Closed arnaudsj closed 10 years ago
Unfortunately, this is is still an outstanding to do. I'd love a pull request with some examples if you do get around to creating them.
I think the API is pretty straightforward and you should be able to figure it out looking at the examples from the spark documentation.
@sorenmacbeth thank you.
I have started converting the Twitter hash tag example, but I am stuck on how to actually starting the streaming context.

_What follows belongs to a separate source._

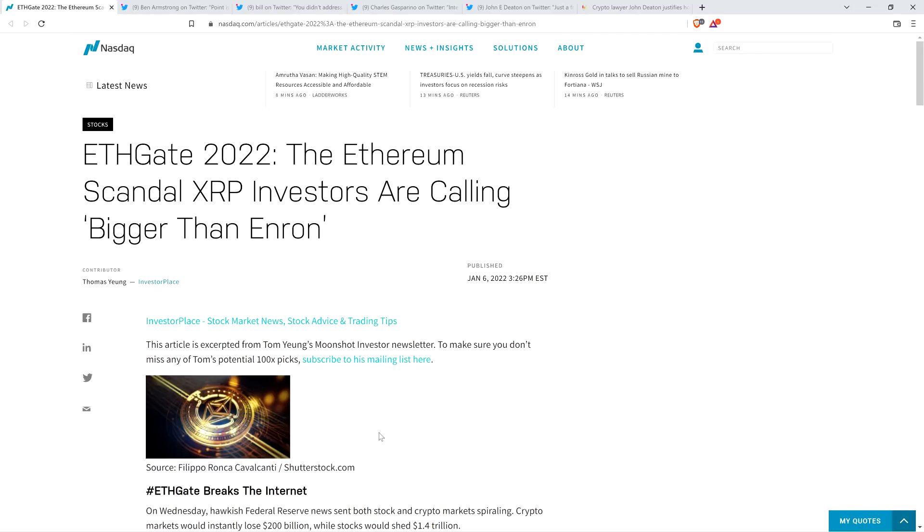Hello, this is Matt on the Moon Lambo channel, and this is most certainly going to be a controversial one. Ben Armstrong, who runs a very popular cryptocurrency YouTube channel, BitBoy Crypto, with close to 1.5 million subscribers at this point, has stated the following.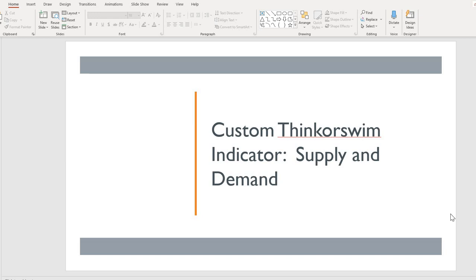Hello! The goal of this video is to show you the custom Thinkorswim Supply and Demand Indicator. Supply and Demand is the force that drives price action in the market. What we want to see is where the strong imbalance is in the market.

Would you mind taking a look and telling me what I am missing?
(ns core-nlp-flambo-101.core
(:require [flambo.api :as f]
[flambo.streaming :as fs]
[flambo.conf :as fconf]
[clj-time.format :as tf]
[clj-time.core :as tc]
[clojure.tools.trace :refer [trace]]
[clojure.java.shell :refer [sh]]
[clojure.pprint :refer [pprint]]
[org.satta.glob :refer [glob]])
(:import [org.apache.spark.streaming.twitter TwitterUtils])
(:gen-class))
(def master "local[*]")
(def conf {})
(def env {
"spark.executor.memory" "4G",
"spark.files.overwrite" "true"
})
(def ^:dynamic *app-consumer-key* "xxx")
(def ^:dynamic *app-consumer-secret* "xxx")
(def ^:dynamic *user-access-token* "xxx")
(def ^:dynamic *user-access-token-secret* "xxx")
(System/setProperty "twitter4j.oauth.consumerKey", *app-consumer-key*)
(System/setProperty "twitter4j.oauth.consumerSecret", *app-consumer-secret*)
(System/setProperty "twitter4j.oauth.accessToken", *user-access-token*)
(System/setProperty "twitter4j.oauth.accessTokenSecret", *user-access-token-secret*)
(defn new-spark-context []
(let [c (-> (fconf/spark-conf)
(fconf/master master)
(fconf/app-name "twitter-hashtags-example")
(fconf/set "spark.akka.timeout" "300")
(fconf/set conf)
(fconf/set-executor-env env))]
(fs/streaming-context c 2000) ))
(defonce sc (new-spark-context))
(defonce stream (TwitterUtils/createStream sc))
(fs/flat-map stream fs/print)
It is an incomplete translation of the example I found here: [https://github.com/apache/spark/blob/master/examples/src/main/scala/org/apache/spark/examples/streaming/TwitterPopularTags.scala]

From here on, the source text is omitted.